Samstag, 3. November 2007

Mal wieder eine Lektion in Sachen Frauenrechte.

Ich habe einen Tag am Toten Meer verbracht, mit Leila und Jays Mitbewohner Znounou sowie einem netten Holländer und einer süßen Mexikanerin. Um Amman Beach zu betreten, zahlen Ausländer zehn JD (1 Jordan Dinar ist etwa ein Euro). Geboten werden das Tote Meer und zwei stattliche Pools, ein verdammt rutschiger Boden und das sonst so Übliche, also Kaffeebude, Restaurant, Snack- und Souvenirshop sowie Schlammschmiererei für Touristen. (Ich hatte keine Lust, 2 JD für einen Ganzkörperpackung Schlamm auszugeben, aber andere schwarze oder halbschwarze Gestalten am Strand warten zu sehen, bis das Zeug getrocknet war und abgewaschen werden konnte, hatte Unterhaltungswert.) So weit, so gut, so nett. Allerdings sollte man sich nicht am Morgen vor dem Besuch am Toten Meer rasieren, denn jede klitzekleine Wunde brennt beim Kontakt mit dem Salzwasser wie Hölle – genau wie sämtliche Schleimhäute. Tauchen nicht empfohlen – ich bekam versehentlich Wasser in die Nase und das war kein Spaß. Wie eine Quietschente durch’s Wasser zu dümpeln ist aber auch ohne Tauchgänge ein bemerkenswertes Erlebnis.
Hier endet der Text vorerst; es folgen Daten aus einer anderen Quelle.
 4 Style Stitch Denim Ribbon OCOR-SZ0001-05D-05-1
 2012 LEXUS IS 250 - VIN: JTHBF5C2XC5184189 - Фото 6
Schon beim ersten Gang am Pool entlang war mir aufgefallen, dass nur Jungs und Männer durch’s Wasser tobten. Später entdeckte ich dann auch die Mädchen und Frauen. Mit offenen Haaren oder mit Kopftuch, im Mantel oder in Jeans und T-Shirt standen und saßen sie um den Pool herum. Die einzigen weiblichen Wesen im Pool waren jedoch wir. Die Mädchen – wir waren in einen Schulausflug geraten – hielten höchstens mal ihre Füße ins Wasser, sahen den Jungs beim Schwimmen und Springen zu und wanderten zwischen Pool und Meer hin und her. Ich habe den einen oder anderen sehnsuchtsvollen Blick in Richtung Wasser gesehen, aber die meisten schienen diese Geschlechtertrennung zu akzeptieren. Vielleicht konnten die meisten der Mädchen nicht schwimmen. Dennoch: Wie frustrierend muss es sein, wenn alle männlichen Klassenkameraden an einem heißen Sommertag im Pool herumtollen, während man selbst voll bekleidet am Rand sitzen muss, nur weil man zufällig dem anderen Geschlecht angehört?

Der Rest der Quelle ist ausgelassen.